Look, there is obviously something very wrong with your ChIP. Did you use carrier DNA? Try to blast some of the unmapped reads. Maybe a sample swap or wrong starting material? 5% alignment rate is not right at all. I'd figure out why that is, all these tweaks you suggest are not recommended, you have a basic problem with your sample, try to find out why.
Thanks. Just for understanding's sake, if you don't mind :
If I would use both R1 and R2 in the way suggested above, it would artificially inflate the number of fragments, considering each read as a fragment. Suppose, just as an artificial example, that there are exactly 1M pairs. So, after after artificially pooling those, we would get 2M reads.
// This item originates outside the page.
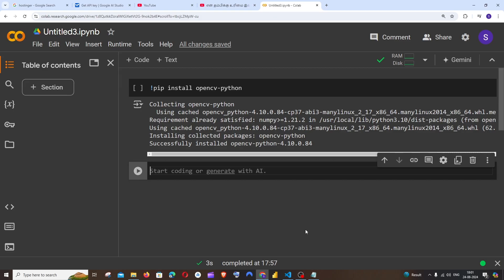I'll be showing you two ways how you can do this. The first way is to run the command pip space list and run it.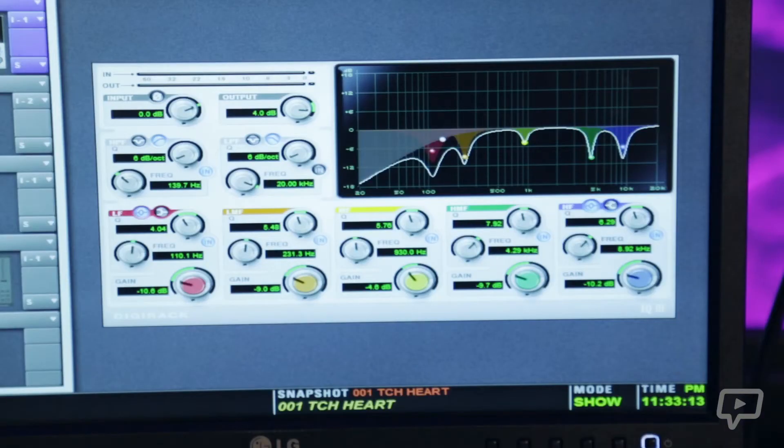A parametric EQ can have multiple bands or sections of frequency selection and give you options for which frequency you will adjust, and the boosting or cutting you will do to that selected frequency. A fully parametric EQ will have a Q adjustment. This is what we call the shape of the adjustment you will make — you can have a very narrow or precise adjustment, or a wide Q which is a very broad adjustment.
However, the normalization step at macs2, takes into account the number of reads. Suppose we have 4M reads in the control - if we take R1 only, the coverage of control would be scaled down by 0.25. If we take both R1 and R2, then the coverage would be scaled down only by 0.5.
Would not that compensate for the double amount of reads?
Also (for the sake of understanding), I was told that when the technology was worse, people merged biological replicates, when they had not enough material in them separately.
What is the substantial difference between merging biological replicates, and merging R1 and R2?
Merging biological replicates means pooling DNA on the library prep level. Merging R1 and R2 means to combine reads that come from the same fragment which is not necessary nor meaningful since macs2 will anyway extend reads to fragment size based on its fragment size estimation procedure. If you reads do not align properly when run in paired-end mode then this is what it is, a library quality problem or contamination. You can technically of course try and tweak this but the ground truth (a bad library) will stay and imho you are somewhat lying to yourself. Garden of forked paths comes to mind. If you get a reviewer that has some understanding of the method and the data analysis I do not see how you could ever publish this.